Нет, поблажки не жди. Как сказал некий следователь арестованному писателю, который пытался указать на некоторые свои заслуги перед народом и государством: «Вы что, грамоту сюда пришли получать?» Вот и Хармсу предъявили — и заставили подтвердить, подписав показания, — как особый вредительский акт сочинение именно этого стихотворения. Такого, где он сделал отчетливый шаг в сторону нормальной советской литературы для детей.
«…Моя книжка „Иван Иванович Самовар“, — писал, вернее, читал и подписывал Хармс, — является антисоветской… В этой книжке мною сознательно идеализируется мещански-кулацкая семья с огромным самоваром — символом мещанского благополучия».
Вряд ли, подписывая этот бред, Даниил Иванович Ювачев, взявший себе затейливый псевдоним, сознавал с удовлетворением, что достиг наконец наивысшей формы абсурда…
Следователь мог быть совершенно неграмотен литературно и чрезмерно усерден, но, вольно или невольно, он подключался к той страшной и совсем неглупой игре, которая шла за стенами его кабинета в ленинградском Большом Доме.
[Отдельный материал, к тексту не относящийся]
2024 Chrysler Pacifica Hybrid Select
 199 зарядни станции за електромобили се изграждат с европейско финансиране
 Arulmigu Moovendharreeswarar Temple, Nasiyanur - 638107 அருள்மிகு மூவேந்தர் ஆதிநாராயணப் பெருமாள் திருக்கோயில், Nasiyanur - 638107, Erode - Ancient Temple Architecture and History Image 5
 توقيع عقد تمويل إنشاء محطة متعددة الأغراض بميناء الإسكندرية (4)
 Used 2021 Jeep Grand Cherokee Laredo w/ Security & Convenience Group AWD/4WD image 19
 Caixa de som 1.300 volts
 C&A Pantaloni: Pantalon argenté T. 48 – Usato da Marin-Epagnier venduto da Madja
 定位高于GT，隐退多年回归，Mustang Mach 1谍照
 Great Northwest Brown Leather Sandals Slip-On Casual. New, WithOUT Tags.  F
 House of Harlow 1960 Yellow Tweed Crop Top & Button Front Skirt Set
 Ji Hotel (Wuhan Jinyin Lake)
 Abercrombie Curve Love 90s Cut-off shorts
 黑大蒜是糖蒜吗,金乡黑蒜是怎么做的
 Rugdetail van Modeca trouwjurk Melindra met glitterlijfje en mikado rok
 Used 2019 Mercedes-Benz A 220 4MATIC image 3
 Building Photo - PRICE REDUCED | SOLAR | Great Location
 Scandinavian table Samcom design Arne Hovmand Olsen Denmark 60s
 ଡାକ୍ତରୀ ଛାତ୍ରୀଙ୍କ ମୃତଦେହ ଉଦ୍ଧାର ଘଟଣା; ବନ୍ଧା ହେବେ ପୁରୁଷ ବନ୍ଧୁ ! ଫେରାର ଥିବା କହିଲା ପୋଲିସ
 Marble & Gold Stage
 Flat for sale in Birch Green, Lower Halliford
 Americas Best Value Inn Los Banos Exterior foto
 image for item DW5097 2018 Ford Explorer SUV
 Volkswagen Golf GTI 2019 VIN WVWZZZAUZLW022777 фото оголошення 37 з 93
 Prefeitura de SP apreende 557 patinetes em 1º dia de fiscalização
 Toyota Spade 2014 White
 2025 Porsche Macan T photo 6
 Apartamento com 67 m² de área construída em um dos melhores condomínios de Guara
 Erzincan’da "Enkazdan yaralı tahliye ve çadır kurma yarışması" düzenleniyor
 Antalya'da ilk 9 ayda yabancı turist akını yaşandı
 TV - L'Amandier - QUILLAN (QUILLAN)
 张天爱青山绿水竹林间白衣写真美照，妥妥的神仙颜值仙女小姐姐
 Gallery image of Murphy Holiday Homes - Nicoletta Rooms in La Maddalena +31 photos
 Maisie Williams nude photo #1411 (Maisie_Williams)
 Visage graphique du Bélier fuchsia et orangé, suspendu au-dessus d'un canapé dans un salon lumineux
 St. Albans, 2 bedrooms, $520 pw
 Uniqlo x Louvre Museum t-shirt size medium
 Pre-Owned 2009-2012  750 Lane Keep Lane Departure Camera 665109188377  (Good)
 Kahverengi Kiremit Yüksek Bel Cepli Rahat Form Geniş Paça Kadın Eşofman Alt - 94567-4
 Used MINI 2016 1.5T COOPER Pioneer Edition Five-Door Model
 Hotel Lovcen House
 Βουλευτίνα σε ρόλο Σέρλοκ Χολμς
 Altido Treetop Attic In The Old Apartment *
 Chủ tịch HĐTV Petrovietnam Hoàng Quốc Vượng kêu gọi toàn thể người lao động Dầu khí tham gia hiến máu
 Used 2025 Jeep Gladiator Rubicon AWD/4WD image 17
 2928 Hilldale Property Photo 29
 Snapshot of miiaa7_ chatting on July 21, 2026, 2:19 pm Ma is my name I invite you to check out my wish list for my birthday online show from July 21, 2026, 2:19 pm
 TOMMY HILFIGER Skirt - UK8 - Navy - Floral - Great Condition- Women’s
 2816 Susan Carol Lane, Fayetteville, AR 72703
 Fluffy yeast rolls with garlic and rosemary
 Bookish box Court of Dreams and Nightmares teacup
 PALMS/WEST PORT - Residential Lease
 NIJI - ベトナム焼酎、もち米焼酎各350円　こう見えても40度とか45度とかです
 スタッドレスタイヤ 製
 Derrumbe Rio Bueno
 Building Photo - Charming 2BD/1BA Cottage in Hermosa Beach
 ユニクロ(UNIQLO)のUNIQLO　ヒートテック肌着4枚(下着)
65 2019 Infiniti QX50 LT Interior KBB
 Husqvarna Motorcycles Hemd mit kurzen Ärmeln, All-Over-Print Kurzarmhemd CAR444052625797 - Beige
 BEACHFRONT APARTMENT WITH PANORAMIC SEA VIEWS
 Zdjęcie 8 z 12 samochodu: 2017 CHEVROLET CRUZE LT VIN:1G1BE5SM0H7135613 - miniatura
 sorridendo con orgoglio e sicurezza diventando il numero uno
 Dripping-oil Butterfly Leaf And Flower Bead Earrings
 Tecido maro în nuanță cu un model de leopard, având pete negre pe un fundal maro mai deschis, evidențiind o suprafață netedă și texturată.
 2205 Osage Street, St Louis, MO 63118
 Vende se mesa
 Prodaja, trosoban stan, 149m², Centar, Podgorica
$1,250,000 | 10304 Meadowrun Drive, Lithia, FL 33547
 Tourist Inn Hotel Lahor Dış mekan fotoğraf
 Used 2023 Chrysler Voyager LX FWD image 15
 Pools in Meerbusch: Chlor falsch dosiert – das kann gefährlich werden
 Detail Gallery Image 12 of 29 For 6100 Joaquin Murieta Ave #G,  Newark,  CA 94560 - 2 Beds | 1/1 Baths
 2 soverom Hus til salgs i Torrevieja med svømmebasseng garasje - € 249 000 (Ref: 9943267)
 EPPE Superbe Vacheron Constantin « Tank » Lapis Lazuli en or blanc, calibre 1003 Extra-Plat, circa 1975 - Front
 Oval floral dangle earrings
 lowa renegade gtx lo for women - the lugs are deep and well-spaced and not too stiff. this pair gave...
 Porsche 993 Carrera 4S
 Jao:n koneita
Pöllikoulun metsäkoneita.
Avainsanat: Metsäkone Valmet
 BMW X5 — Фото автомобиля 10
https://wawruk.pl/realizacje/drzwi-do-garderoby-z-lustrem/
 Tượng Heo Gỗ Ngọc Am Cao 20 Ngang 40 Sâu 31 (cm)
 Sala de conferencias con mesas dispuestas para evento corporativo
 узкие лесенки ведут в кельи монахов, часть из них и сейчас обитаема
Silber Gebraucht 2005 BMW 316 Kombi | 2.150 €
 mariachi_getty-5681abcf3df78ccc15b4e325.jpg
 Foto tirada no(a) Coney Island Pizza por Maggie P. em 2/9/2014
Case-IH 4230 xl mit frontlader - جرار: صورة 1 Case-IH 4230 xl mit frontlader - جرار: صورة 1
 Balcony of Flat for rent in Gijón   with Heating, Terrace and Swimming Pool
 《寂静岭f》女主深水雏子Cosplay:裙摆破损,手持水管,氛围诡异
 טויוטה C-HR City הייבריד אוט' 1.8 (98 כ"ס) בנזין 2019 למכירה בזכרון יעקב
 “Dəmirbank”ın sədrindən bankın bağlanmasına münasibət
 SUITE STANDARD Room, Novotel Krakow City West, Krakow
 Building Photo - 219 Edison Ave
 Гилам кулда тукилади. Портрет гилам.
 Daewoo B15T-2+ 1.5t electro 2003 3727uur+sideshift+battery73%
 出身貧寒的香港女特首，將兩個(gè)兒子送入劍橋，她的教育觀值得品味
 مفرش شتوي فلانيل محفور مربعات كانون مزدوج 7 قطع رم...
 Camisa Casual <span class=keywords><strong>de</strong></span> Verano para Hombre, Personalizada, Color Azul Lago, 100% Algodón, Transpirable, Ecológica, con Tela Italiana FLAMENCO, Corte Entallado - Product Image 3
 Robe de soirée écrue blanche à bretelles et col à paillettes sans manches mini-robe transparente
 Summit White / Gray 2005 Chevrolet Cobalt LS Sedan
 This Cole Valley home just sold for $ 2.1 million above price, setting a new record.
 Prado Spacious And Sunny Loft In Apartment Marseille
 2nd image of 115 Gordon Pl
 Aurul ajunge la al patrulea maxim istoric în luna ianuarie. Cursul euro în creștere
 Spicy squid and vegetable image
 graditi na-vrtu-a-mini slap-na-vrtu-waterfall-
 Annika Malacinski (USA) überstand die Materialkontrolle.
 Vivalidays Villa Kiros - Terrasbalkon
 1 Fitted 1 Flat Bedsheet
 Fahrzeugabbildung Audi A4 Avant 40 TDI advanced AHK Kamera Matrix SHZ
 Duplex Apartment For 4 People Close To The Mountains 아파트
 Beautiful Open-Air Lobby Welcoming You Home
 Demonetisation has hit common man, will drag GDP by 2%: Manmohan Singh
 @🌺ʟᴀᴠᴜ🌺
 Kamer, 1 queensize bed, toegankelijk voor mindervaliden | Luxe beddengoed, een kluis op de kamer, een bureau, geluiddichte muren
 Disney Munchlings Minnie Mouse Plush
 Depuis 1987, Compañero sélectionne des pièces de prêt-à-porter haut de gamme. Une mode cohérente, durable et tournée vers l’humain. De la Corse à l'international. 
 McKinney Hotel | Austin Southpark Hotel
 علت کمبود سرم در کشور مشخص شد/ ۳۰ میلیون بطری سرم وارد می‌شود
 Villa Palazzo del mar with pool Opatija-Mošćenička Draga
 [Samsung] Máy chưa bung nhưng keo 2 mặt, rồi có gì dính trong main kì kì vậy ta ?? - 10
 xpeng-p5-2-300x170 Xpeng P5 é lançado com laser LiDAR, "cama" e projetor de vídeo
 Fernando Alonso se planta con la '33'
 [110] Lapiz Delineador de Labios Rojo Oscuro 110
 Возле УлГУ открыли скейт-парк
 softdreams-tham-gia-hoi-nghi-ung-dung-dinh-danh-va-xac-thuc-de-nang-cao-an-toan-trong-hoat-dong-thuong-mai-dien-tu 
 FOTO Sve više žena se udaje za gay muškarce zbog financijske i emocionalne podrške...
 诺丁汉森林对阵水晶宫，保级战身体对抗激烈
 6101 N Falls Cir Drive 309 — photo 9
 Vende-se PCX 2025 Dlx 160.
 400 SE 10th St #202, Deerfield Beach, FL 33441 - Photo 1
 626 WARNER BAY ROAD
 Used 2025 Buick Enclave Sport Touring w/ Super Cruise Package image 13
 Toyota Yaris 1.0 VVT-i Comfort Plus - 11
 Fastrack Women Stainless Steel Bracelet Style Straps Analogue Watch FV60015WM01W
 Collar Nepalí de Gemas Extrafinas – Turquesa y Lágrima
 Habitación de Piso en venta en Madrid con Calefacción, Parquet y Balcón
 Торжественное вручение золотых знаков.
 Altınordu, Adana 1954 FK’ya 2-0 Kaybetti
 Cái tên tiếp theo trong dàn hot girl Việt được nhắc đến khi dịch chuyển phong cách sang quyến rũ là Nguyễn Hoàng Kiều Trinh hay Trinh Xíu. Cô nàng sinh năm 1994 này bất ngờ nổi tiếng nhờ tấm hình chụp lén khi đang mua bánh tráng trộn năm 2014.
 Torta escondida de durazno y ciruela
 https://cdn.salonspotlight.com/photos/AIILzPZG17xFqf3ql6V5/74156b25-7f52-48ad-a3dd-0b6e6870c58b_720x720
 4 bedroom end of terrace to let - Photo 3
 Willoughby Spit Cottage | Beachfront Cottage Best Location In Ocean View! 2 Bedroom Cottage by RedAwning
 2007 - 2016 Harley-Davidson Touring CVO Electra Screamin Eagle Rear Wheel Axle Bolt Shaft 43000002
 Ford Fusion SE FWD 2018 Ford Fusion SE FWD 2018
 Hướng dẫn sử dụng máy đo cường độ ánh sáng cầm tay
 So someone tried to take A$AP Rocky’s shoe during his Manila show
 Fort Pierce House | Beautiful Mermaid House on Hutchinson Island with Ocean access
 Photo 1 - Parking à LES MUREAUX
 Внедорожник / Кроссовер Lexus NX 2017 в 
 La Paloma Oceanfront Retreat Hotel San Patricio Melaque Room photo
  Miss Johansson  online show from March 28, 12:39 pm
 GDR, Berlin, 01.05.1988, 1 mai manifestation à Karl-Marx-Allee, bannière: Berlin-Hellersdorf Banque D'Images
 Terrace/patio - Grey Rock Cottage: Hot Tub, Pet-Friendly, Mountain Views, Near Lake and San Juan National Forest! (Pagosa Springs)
Вот — уцелевшая, слава Богу, блокадница Анна Ахматова в феврале 1942 года пишет стихи, которые, кажется, даже безумный не обвинит в недостатке патриотизма:
Не страшно под пулями мертвыми лечь, Не горько остаться без крова, — И мы сохраним тебя, русская речь, Великое русское слово.И как откликается критик Тамара Трифонова? Эти стихи, утверждает она, аполитичные. Хуже — антинародные. Потому что в такое время, когда наш народ… Когда мы все… В такое время поэт заботится всего лишь о слове!